### WHAT IS REQUIRED
Exactly the lines starting at the line containing "Золотые серьги-подвески с" and ending at the line containing "Borsa a tracolla" are to be written out from the listing below, both included.

### EXTRACTED DATA
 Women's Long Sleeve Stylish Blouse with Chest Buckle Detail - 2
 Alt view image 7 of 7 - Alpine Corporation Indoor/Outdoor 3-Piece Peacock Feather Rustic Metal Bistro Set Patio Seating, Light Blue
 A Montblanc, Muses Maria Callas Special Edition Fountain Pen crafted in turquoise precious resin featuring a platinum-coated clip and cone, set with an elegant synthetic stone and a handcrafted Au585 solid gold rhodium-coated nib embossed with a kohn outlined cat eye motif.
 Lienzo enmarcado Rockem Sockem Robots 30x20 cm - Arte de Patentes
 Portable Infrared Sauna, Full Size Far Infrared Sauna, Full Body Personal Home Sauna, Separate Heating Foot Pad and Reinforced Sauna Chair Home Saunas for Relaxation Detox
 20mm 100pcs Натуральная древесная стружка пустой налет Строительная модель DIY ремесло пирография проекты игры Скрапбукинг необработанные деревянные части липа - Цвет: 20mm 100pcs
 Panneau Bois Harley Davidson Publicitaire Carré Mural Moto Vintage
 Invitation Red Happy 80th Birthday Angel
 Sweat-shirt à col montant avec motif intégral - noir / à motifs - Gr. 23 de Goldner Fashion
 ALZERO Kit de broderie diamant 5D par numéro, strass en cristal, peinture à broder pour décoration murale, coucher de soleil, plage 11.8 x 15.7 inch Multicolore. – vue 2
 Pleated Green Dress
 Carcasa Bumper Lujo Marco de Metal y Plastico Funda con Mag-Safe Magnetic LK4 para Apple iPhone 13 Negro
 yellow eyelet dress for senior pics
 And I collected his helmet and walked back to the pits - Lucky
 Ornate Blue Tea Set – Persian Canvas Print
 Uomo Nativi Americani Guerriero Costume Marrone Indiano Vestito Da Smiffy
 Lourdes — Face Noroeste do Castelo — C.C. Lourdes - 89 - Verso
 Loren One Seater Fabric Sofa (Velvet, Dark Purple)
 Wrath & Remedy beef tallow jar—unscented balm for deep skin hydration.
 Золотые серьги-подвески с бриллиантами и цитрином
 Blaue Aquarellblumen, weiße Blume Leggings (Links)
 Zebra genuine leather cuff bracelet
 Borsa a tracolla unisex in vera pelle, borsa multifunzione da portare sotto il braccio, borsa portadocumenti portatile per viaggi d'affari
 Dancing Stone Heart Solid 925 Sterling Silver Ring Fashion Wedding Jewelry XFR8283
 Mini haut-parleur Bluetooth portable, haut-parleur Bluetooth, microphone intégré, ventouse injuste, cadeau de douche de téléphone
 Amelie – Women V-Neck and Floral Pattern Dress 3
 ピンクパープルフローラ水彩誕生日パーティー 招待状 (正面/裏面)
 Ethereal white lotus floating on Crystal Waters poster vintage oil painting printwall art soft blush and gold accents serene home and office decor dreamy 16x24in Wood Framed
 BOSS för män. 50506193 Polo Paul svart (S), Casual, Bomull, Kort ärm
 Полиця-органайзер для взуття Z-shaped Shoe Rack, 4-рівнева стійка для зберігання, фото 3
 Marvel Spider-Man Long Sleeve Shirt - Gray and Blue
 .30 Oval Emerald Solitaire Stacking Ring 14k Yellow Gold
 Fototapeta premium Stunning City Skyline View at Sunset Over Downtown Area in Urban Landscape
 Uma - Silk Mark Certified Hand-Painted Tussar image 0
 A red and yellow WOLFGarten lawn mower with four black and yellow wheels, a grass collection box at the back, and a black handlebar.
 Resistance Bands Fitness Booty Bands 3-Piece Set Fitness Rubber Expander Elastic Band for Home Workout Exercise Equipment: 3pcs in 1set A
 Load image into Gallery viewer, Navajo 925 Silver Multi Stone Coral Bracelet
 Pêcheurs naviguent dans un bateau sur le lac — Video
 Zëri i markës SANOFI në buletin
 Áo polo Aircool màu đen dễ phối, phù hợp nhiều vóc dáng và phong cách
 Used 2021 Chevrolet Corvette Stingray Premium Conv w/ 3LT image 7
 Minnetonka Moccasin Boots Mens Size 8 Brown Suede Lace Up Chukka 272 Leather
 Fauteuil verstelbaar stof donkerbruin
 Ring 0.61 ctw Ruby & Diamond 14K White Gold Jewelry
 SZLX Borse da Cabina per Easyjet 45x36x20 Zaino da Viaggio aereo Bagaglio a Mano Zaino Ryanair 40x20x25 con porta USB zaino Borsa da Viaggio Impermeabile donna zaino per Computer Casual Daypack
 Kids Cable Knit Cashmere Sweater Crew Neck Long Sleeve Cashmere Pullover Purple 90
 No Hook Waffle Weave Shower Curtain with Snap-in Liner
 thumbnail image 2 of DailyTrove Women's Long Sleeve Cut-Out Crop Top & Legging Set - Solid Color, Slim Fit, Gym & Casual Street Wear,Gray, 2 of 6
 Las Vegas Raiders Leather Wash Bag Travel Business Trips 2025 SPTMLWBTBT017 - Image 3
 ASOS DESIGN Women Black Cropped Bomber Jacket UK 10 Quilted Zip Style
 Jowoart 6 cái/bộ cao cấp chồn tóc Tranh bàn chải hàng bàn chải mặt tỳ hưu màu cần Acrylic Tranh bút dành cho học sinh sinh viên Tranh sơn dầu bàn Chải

### SOLUTION TO THIS TASK
 Золотые серьги-подвески с бриллиантами и цитрином
 Blaue Aquarellblumen, weiße Blume Leggings (Links)
 Zebra genuine leather cuff bracelet
 Borsa a tracolla unisex in vera pelle, borsa multifunzione da portare sotto il braccio, borsa portadocumenti portatile per viaggi d'affari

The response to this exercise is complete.